● **Crawled caption data**:
= Beginning of Section =
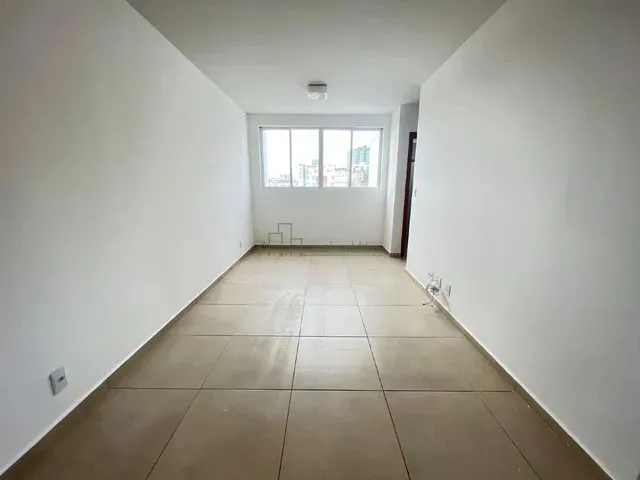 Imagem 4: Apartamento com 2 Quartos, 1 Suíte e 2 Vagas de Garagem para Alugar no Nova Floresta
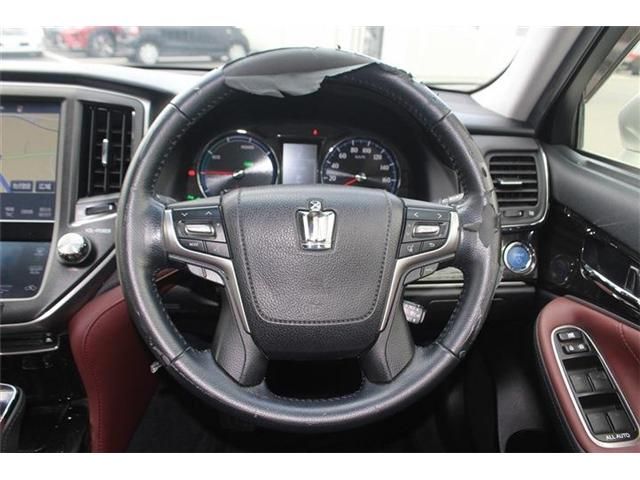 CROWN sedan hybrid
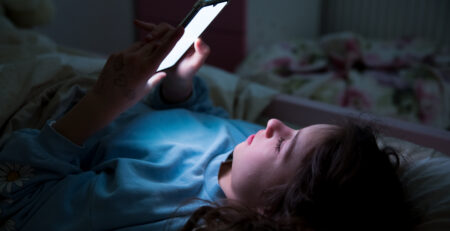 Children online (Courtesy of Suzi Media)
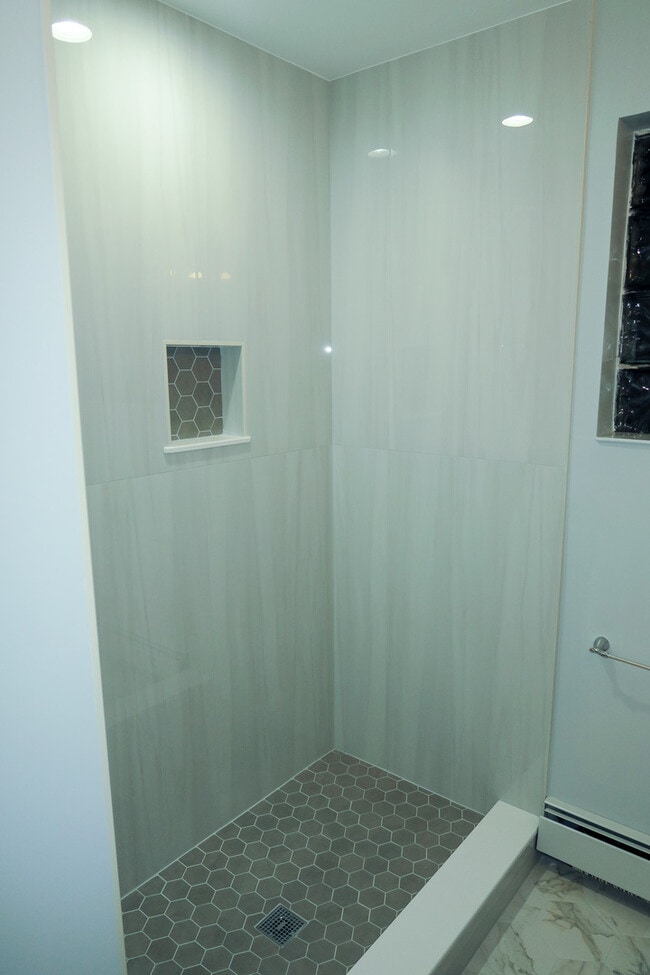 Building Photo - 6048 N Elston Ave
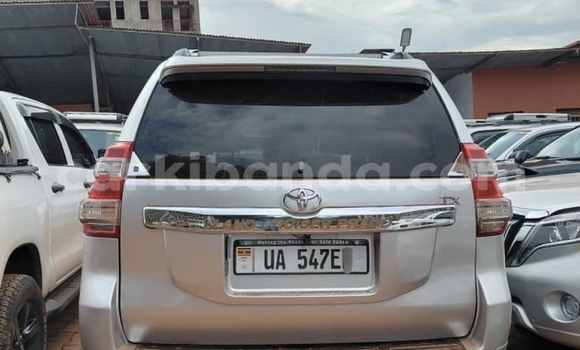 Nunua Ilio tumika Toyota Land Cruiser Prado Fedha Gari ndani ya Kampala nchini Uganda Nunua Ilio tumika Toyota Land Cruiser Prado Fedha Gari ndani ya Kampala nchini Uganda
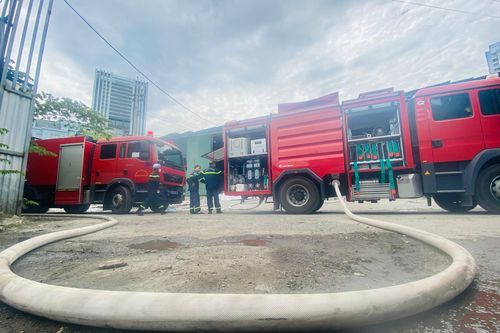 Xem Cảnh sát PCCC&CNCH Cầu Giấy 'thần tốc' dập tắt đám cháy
= End of Section =
● **Exercise objective**: Write out the lines from the line with "nchini Uganda Nunua" through the end of the records exactly; do not include pictures or any other lines.

● **Answer for the task**:
 Nunua Ilio tumika Toyota Land Cruiser Prado Fedha Gari ndani ya Kampala nchini Uganda Nunua Ilio tumika Toyota Land Cruiser Prado Fedha Gari ndani ya Kampala nchini Uganda
 Xem Cảnh sát PCCC&CNCH Cầu Giấy 'thần tốc' dập tắt đám cháy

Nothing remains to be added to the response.